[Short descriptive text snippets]
= = = = = = =

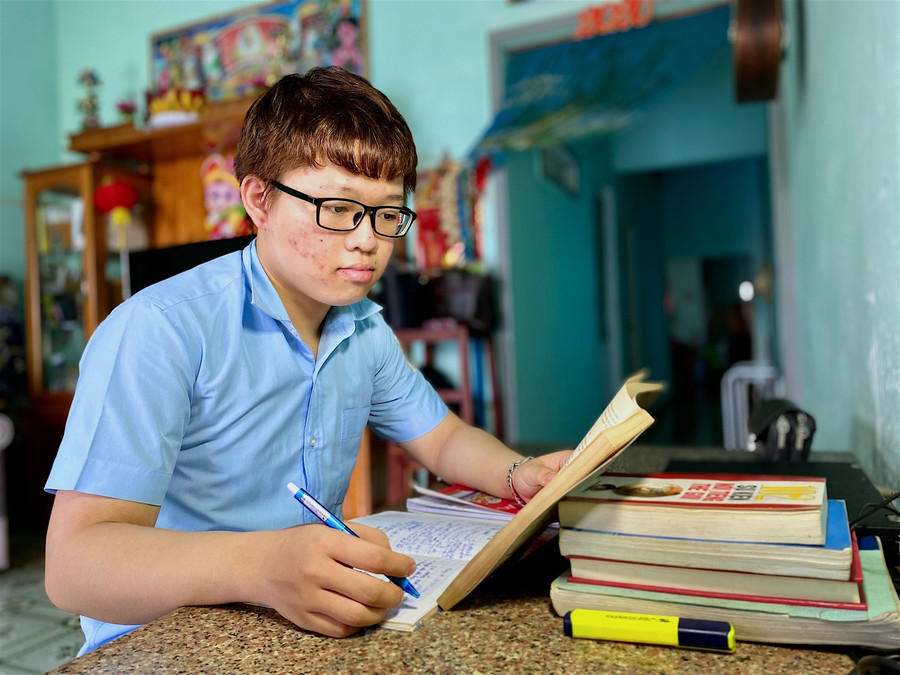 Em Triệu Hữu Khôi. Ảnh: Mộc Trà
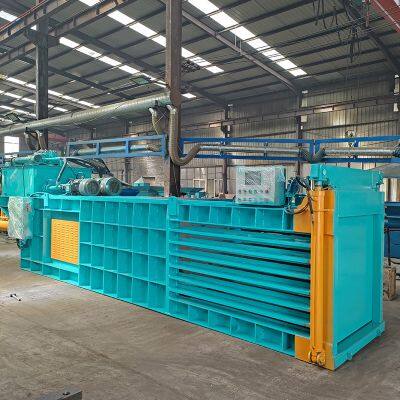 Baleador hidráulico de compressão horizontal automático multifuncional para estações de reciclagem de resíduos, garrafas e embalagens de saquinhos photo-4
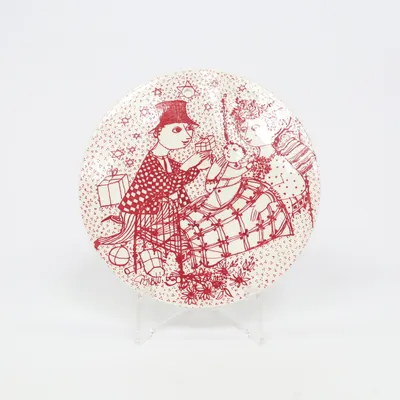Wanddecoratie (Wit, Rood) van Nymølle Danmark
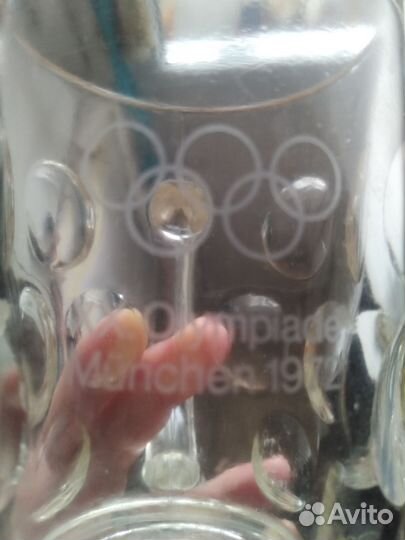 Редкая коллекционная пивная кружка Олимпиада 72 г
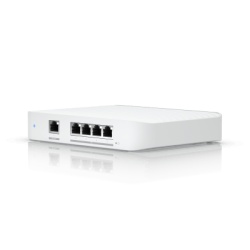 UBIQUITI USW-FLEX-XG Switch Capa 2 / 4 Puertos 10GbE / Alimentación PoE+ o USB-C / Compacto / 82 Gbps de Rendimiento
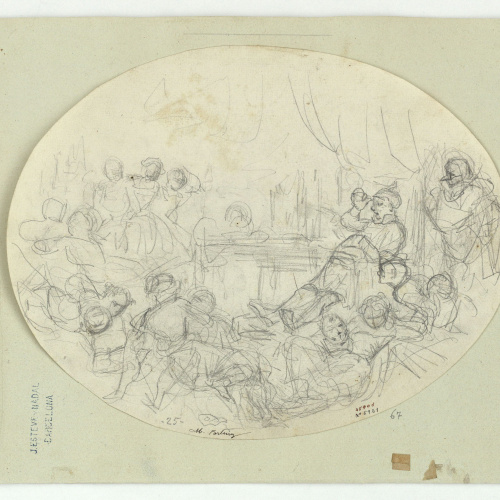 image for: Marià Fortuny - Festa de Carnaval - Cap a 1856-1858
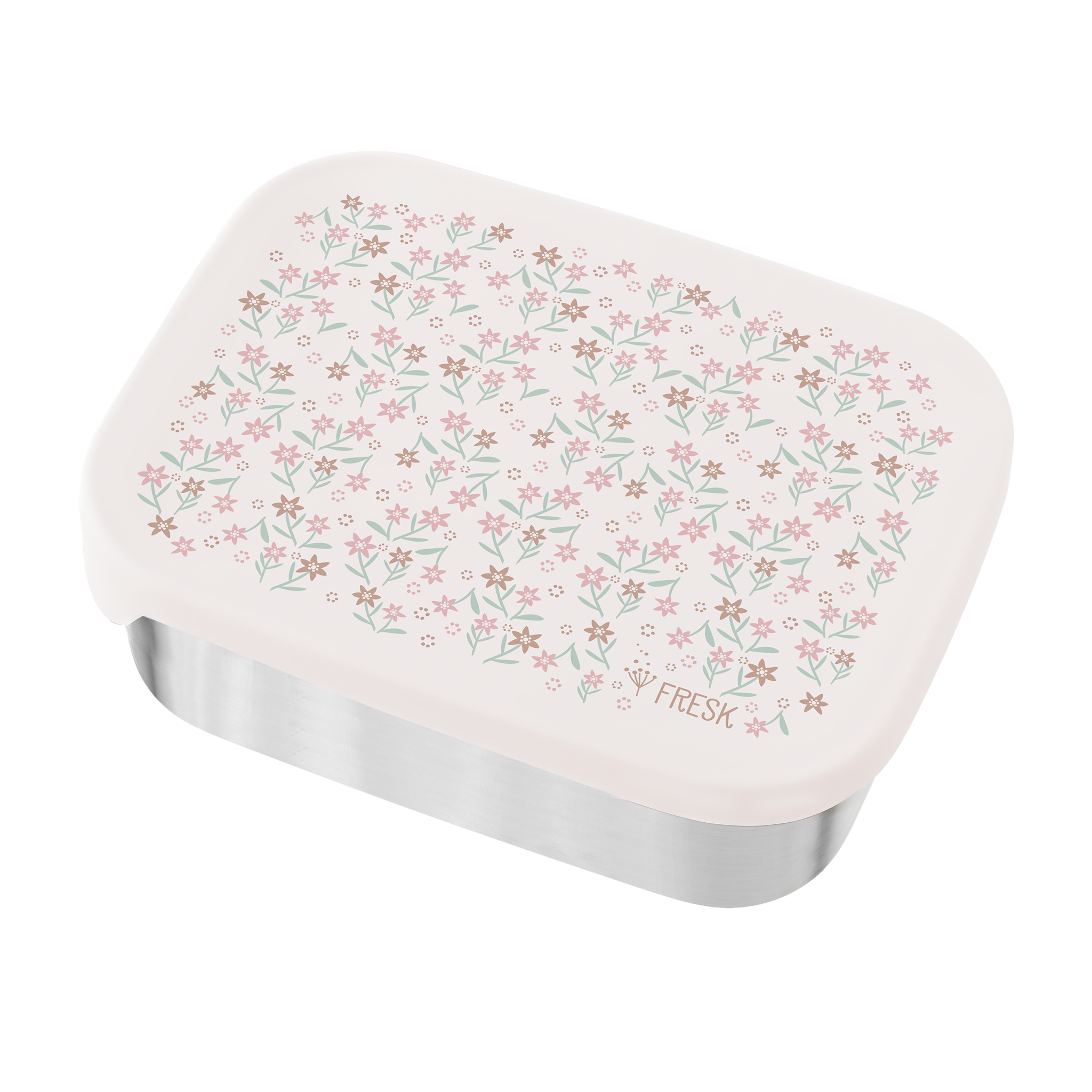 Fresk brooddoos met verdeelvakje in de Garden Flowers-print voor kinderen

= = = = = = =

(PROBLEM STATEMENT):
Write out the entries above verbatim, without pictures.

(EXERCISE RESPONSE):
 Em Triệu Hữu Khôi. Ảnh: Mộc Trà
 Baleador hidráulico de compressão horizontal automático multifuncional para estações de reciclagem de resíduos, garrafas e embalagens de saquinhos photo-4
Wanddecoratie (Wit, Rood) van Nymølle Danmark
 Редкая коллекционная пивная кружка Олимпиада 72 г
 UBIQUITI USW-FLEX-XG Switch Capa 2 / 4 Puertos 10GbE / Alimentación PoE+ o USB-C / Compacto / 82 Gbps de Rendimiento
 image for: Marià Fortuny - Festa de Carnaval - Cap a 1856-1858
 Fresk brooddoos met verdeelvakje in de Garden Flowers-print voor kinderen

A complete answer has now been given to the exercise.